Fixed IllegalArgumentException when building stateful index privileges
Description
This fixes the issue reported in #5216. In the case that a cluster has aliases defined on backing indices of data streams, the creation of the stateful rule would fail with an IllegalArgumentException.
This is because data stream backing indices are not supposed to be included in the stateful index privilege object. Via the aliases, however, they sneaked in anyway. We are now filtering these indices out.
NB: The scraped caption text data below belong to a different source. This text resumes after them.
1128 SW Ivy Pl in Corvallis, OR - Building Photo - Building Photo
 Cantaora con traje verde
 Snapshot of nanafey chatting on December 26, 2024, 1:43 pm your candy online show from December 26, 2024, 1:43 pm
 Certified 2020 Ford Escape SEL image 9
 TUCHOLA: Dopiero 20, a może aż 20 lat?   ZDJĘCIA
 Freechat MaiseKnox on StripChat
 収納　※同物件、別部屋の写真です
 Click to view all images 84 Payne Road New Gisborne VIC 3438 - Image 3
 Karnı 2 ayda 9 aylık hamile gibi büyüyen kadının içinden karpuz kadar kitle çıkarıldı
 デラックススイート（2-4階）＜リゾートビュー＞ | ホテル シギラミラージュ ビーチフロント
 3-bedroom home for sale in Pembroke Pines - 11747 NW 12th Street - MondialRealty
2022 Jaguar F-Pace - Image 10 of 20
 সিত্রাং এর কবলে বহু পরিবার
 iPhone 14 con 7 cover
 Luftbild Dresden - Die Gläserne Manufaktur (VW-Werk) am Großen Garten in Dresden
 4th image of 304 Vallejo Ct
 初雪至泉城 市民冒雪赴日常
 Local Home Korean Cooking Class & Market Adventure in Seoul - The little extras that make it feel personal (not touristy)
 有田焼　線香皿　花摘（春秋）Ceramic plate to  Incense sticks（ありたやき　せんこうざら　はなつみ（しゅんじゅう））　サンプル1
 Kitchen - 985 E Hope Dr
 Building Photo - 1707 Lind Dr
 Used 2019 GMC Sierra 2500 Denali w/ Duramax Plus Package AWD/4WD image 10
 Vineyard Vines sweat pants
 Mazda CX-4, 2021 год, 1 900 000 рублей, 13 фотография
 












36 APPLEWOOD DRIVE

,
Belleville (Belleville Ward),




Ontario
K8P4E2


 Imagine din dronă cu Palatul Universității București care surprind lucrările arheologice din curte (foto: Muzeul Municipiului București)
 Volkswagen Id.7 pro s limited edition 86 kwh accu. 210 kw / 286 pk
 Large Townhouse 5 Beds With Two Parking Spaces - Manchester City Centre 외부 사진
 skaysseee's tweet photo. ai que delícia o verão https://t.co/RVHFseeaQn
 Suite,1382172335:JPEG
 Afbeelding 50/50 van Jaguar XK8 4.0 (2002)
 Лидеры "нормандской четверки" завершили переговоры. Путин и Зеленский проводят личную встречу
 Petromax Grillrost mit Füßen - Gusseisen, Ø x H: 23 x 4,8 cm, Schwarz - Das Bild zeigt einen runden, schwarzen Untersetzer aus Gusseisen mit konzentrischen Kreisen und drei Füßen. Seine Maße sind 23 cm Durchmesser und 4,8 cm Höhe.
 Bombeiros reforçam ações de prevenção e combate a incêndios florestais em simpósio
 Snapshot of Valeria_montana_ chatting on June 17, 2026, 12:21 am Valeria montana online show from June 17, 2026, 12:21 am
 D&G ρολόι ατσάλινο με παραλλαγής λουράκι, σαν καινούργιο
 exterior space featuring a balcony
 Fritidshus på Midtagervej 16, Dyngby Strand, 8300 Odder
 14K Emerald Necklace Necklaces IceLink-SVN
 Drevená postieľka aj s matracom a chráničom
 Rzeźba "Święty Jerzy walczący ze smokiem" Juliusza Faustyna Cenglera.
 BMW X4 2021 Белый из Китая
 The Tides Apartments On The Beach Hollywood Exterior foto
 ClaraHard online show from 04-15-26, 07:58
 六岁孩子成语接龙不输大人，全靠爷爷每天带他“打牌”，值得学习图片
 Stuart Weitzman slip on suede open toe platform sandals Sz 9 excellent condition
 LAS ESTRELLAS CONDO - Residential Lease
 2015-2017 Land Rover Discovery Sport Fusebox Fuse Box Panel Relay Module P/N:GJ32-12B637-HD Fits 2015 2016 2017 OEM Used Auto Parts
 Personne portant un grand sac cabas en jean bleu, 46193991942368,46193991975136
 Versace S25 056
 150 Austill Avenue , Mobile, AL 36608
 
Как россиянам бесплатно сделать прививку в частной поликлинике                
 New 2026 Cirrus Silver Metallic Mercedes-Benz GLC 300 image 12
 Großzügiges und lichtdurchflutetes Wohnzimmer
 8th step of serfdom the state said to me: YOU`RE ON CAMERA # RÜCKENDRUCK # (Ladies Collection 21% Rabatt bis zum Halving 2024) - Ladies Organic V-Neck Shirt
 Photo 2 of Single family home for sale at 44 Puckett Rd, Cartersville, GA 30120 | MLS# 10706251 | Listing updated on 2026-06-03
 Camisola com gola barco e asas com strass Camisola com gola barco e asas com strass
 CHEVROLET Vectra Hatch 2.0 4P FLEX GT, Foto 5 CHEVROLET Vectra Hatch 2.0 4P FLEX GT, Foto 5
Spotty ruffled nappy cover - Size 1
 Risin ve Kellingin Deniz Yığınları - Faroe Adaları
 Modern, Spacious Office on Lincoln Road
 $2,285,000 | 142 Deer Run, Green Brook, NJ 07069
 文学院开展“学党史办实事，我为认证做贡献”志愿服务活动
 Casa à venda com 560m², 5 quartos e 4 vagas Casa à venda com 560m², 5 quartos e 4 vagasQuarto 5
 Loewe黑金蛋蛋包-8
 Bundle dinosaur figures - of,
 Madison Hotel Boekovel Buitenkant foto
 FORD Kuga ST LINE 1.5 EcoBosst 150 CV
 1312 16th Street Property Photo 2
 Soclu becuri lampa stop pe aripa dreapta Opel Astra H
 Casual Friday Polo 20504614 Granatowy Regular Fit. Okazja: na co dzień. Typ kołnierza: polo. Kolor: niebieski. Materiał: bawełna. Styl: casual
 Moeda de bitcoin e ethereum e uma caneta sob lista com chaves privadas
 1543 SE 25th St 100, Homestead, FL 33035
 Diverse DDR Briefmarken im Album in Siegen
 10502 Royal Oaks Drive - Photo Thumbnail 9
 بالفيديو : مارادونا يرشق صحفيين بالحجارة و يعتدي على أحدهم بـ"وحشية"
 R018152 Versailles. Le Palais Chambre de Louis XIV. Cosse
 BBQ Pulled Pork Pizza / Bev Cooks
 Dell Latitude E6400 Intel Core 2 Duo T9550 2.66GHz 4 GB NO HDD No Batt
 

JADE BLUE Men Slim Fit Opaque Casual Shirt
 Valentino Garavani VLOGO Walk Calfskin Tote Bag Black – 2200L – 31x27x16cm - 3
This is mostly just a cosmetic problem as privilege evaluation will continue via slower fall back code paths. However, the logs will show an IllegalArgumentException stack trace for each update of the index meta data on the cluster.
- Category
- Bugfix
- Why these changes are required?
- Fixes log spam
- What is the old behavior before changes and new behavior after changes?
- No behavioral change
Issues Resolved
Fixes #5216
Testing
- The unit test
aliasesOnDataStreamBackingIndiceswas added to cover this case
Check List
- [x] New functionality includes testing
- [x] Commits are signed per the DCO using --signoff
By submitting this pull request, I confirm that my contribution is made under the terms of the Apache 2.0 license. For more information on following Developer Certificate of Origin and signing off your commits, please check here.
Codecov Report
All modified and coverable lines are covered by tests :white_check_mark:
Project coverage is 71.66%. Comparing base (
24a4593) to head (805ab03). Report is 10 commits behind head on main.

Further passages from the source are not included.